• EXERCISE DIRECTIONS
Work through the listing below and give again exactly the lines from the one with "Happy brother and" to the one with "Young woman on", both ends included. All other lines and all pictures stay out.

• MATERIAL PROVIDED
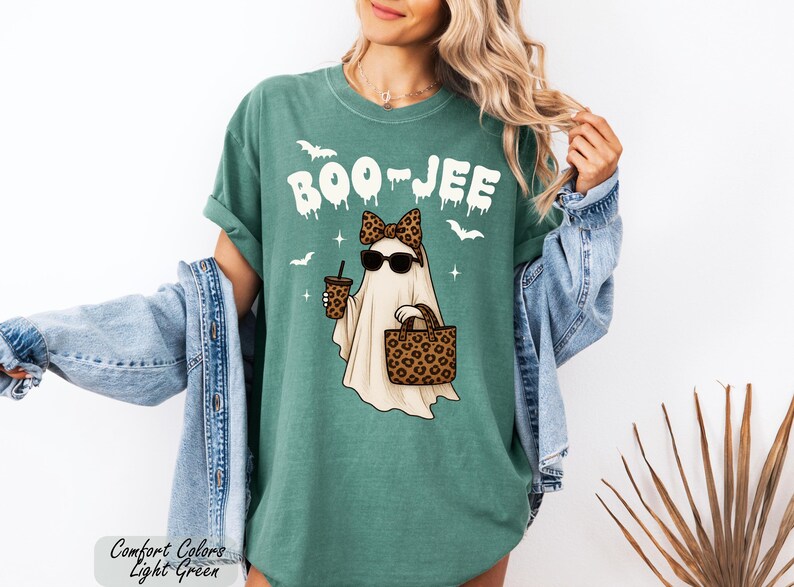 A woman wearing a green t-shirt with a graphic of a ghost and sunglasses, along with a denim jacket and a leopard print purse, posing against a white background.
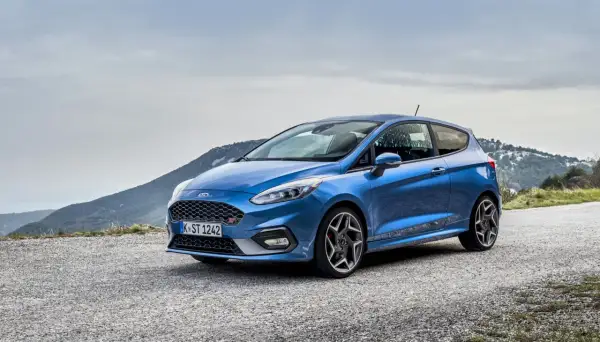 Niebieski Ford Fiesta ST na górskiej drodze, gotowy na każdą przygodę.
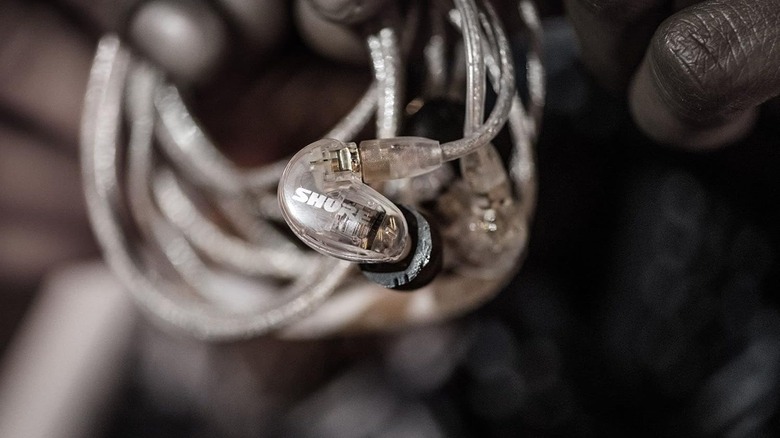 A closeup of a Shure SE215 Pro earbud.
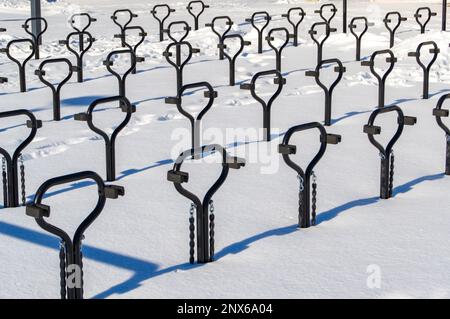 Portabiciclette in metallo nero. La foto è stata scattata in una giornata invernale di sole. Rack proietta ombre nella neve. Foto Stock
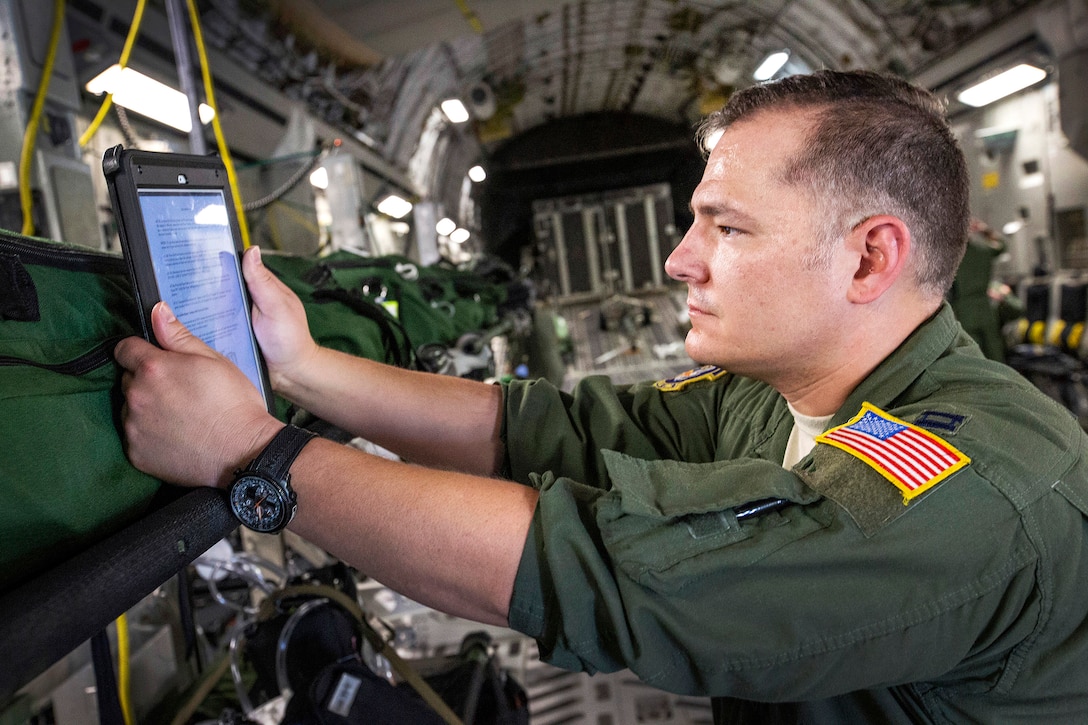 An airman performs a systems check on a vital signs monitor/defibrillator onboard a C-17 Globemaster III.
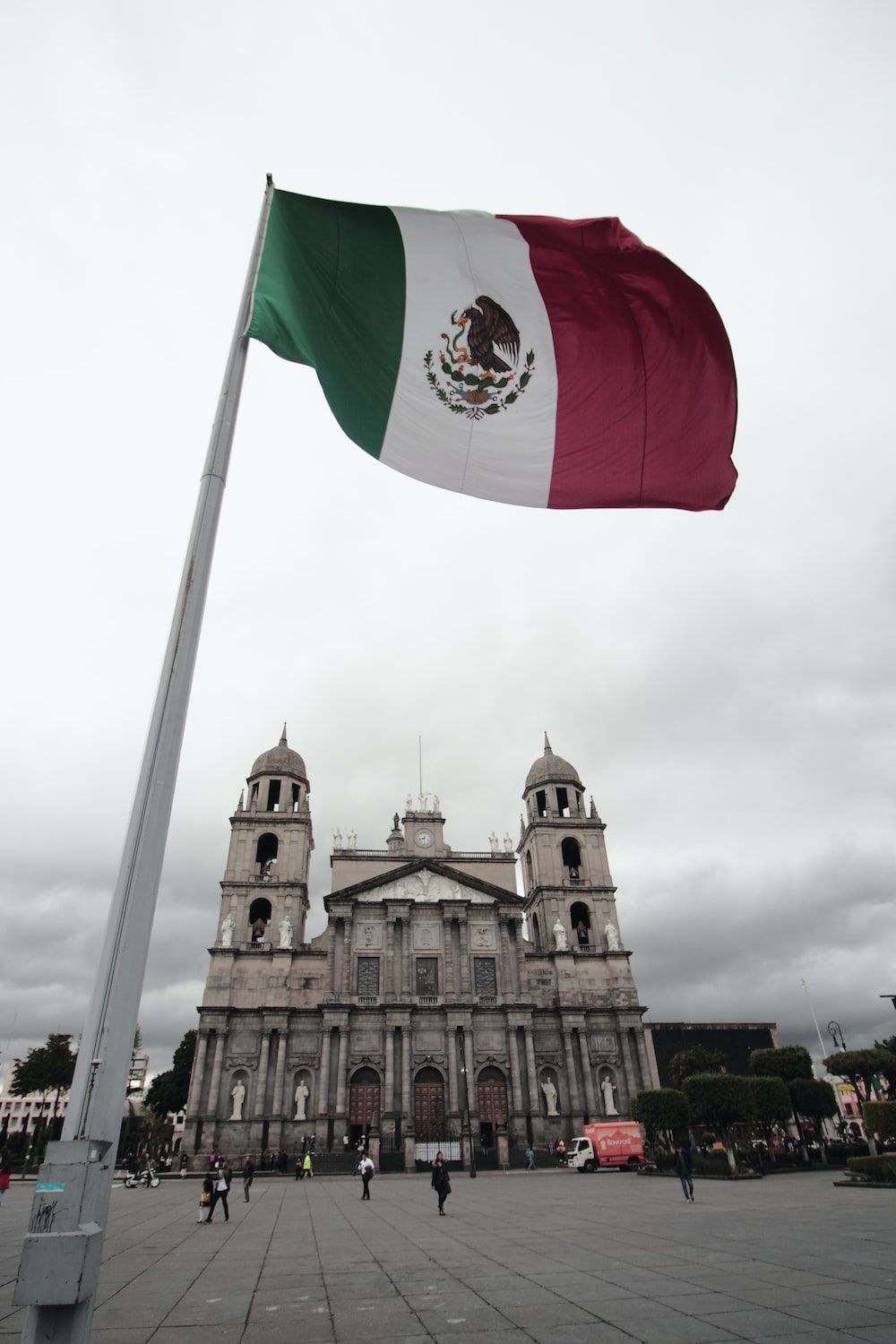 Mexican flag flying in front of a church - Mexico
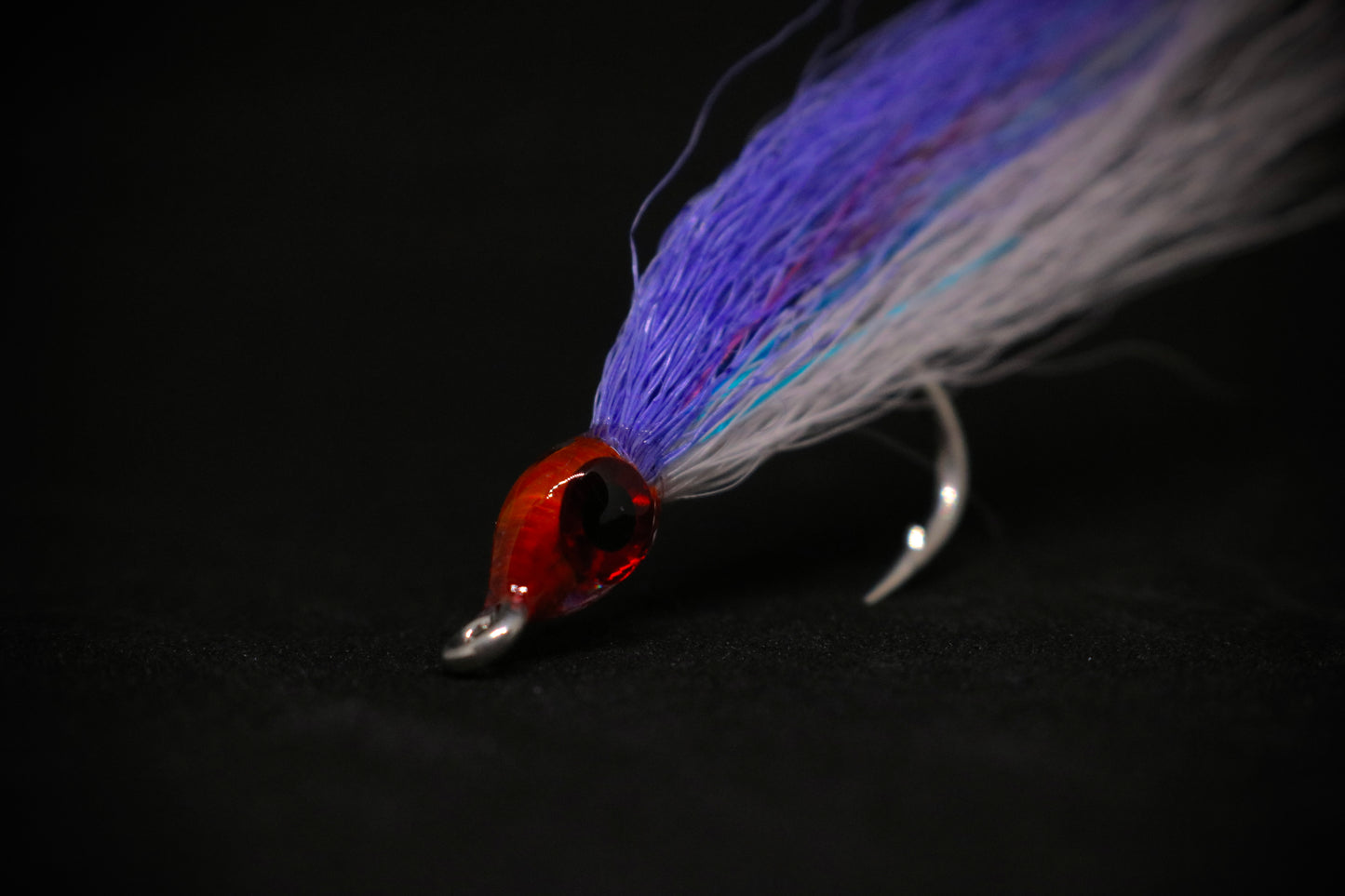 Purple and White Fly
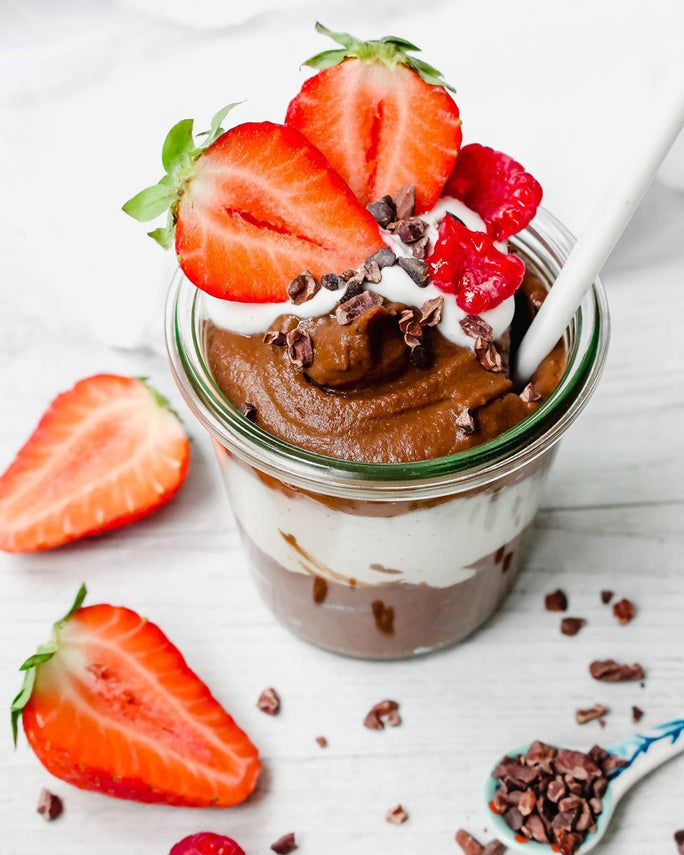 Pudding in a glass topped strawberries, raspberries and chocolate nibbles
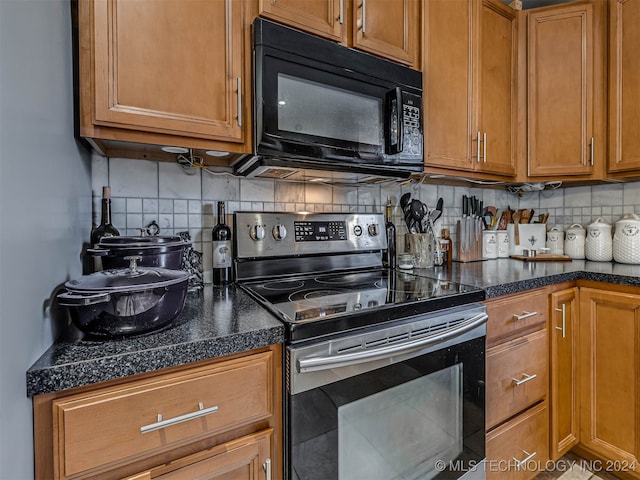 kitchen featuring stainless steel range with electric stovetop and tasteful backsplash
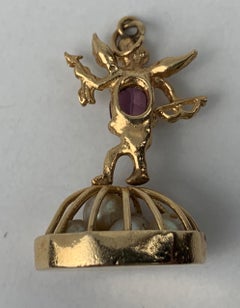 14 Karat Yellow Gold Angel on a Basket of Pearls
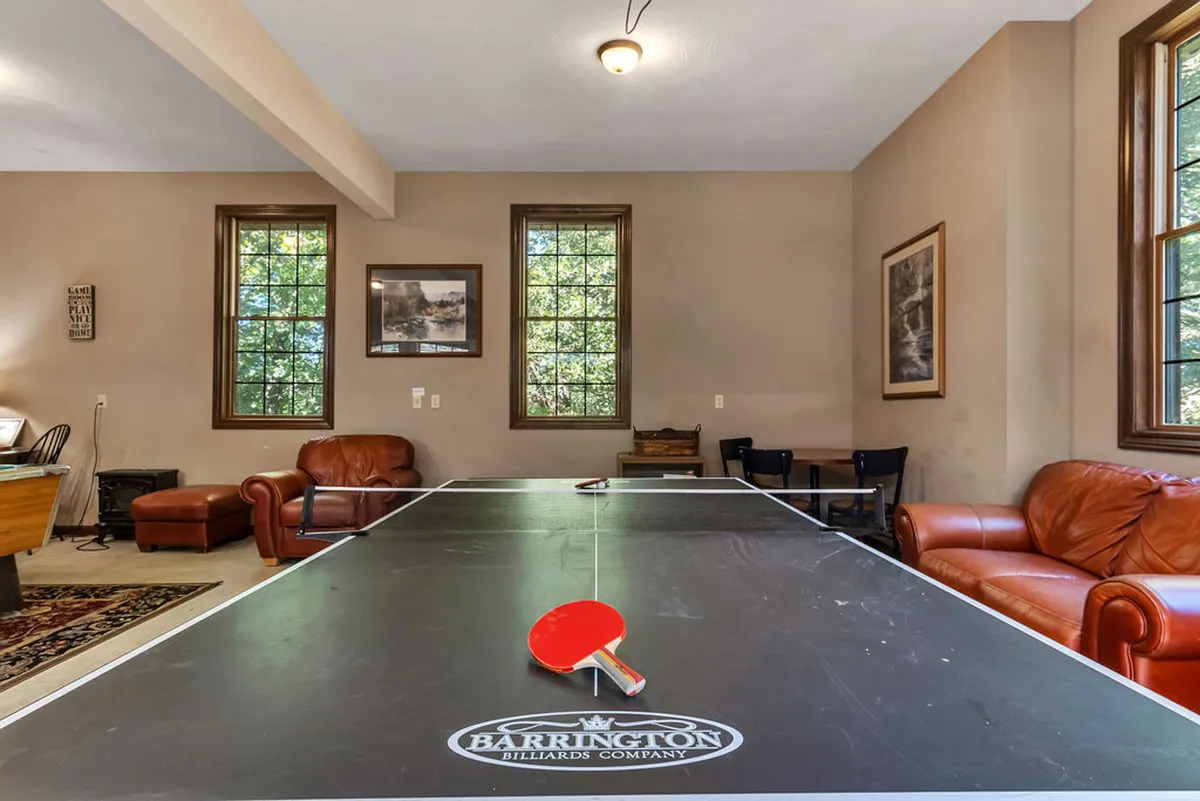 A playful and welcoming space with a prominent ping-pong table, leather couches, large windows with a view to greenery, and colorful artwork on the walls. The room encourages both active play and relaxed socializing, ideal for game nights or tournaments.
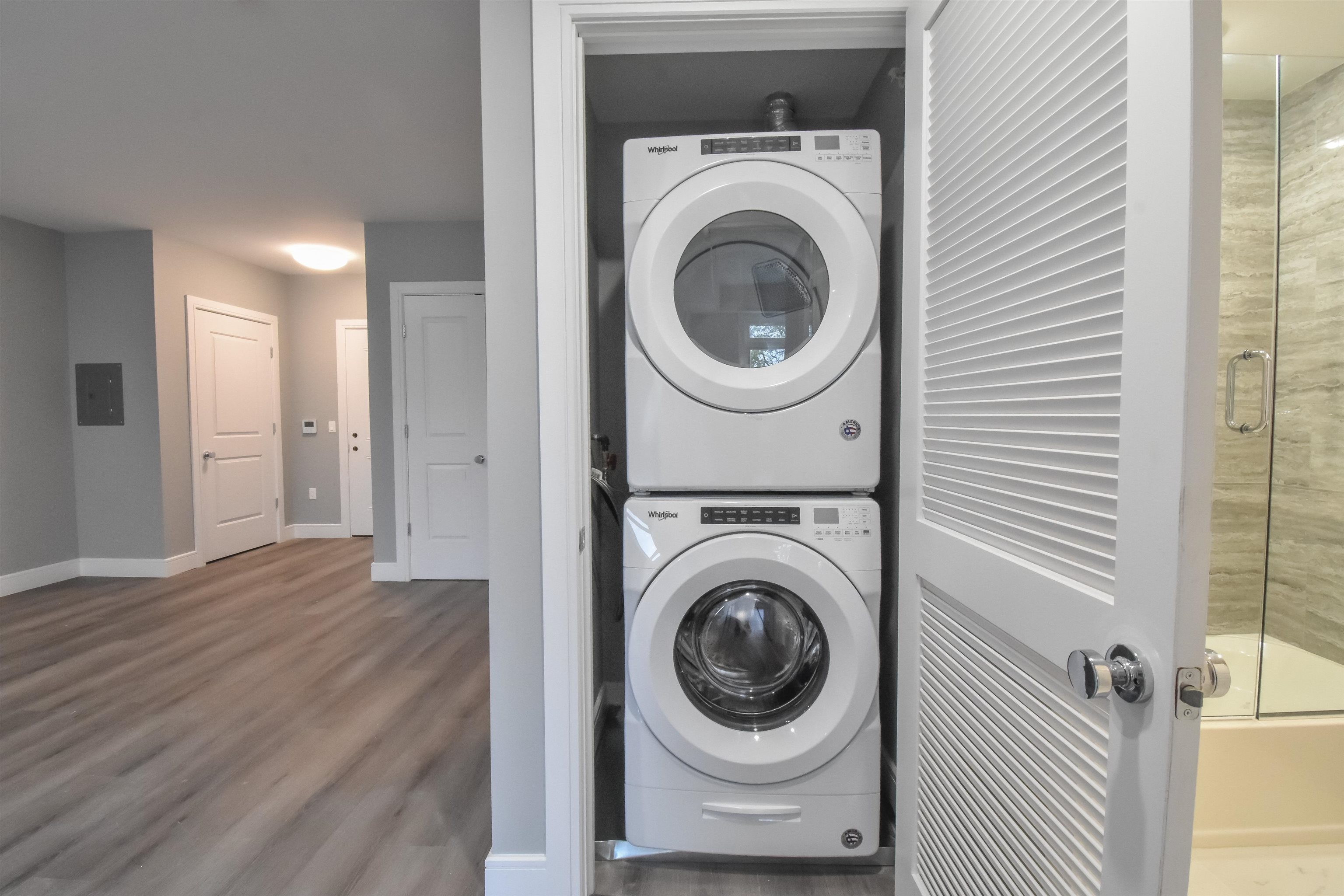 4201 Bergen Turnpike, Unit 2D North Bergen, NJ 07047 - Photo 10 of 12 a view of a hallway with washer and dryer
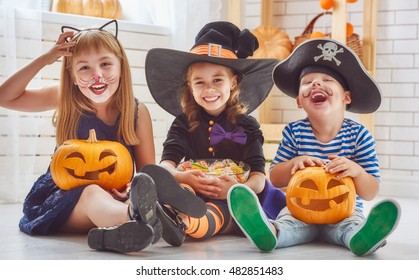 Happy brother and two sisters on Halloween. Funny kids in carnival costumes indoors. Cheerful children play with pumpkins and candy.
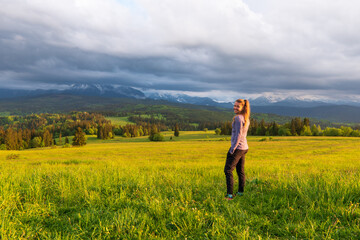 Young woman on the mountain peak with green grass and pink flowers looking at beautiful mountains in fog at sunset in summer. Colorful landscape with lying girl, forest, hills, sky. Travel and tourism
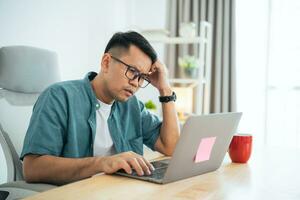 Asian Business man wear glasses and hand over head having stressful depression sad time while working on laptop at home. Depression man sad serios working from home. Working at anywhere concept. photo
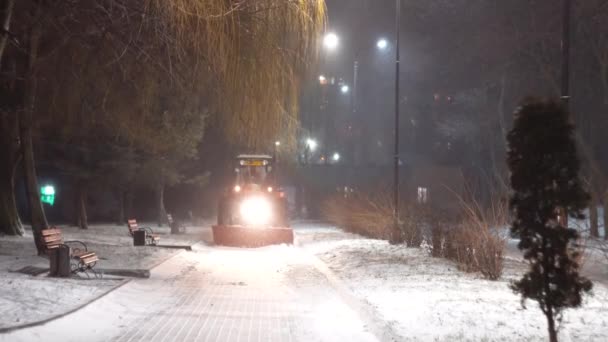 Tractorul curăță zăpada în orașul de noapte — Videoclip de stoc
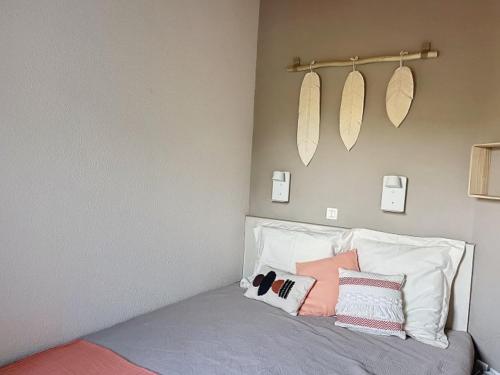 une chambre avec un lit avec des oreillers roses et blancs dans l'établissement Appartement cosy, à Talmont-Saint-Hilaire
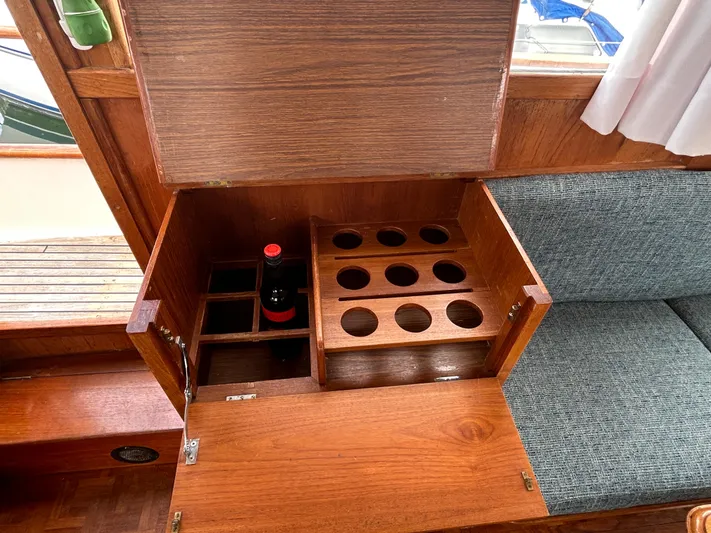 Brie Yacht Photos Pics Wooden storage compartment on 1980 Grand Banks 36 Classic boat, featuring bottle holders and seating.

• ANSWER TO THIS TASK
 Happy brother and two sisters on Halloween. Funny kids in carnival costumes indoors. Cheerful children play with pumpkins and candy.
 Young woman on the mountain peak with green grass and pink flowers looking at beautiful mountains in fog at sunset in summer. Colorful landscape with lying girl, forest, hills, sky. Travel and tourism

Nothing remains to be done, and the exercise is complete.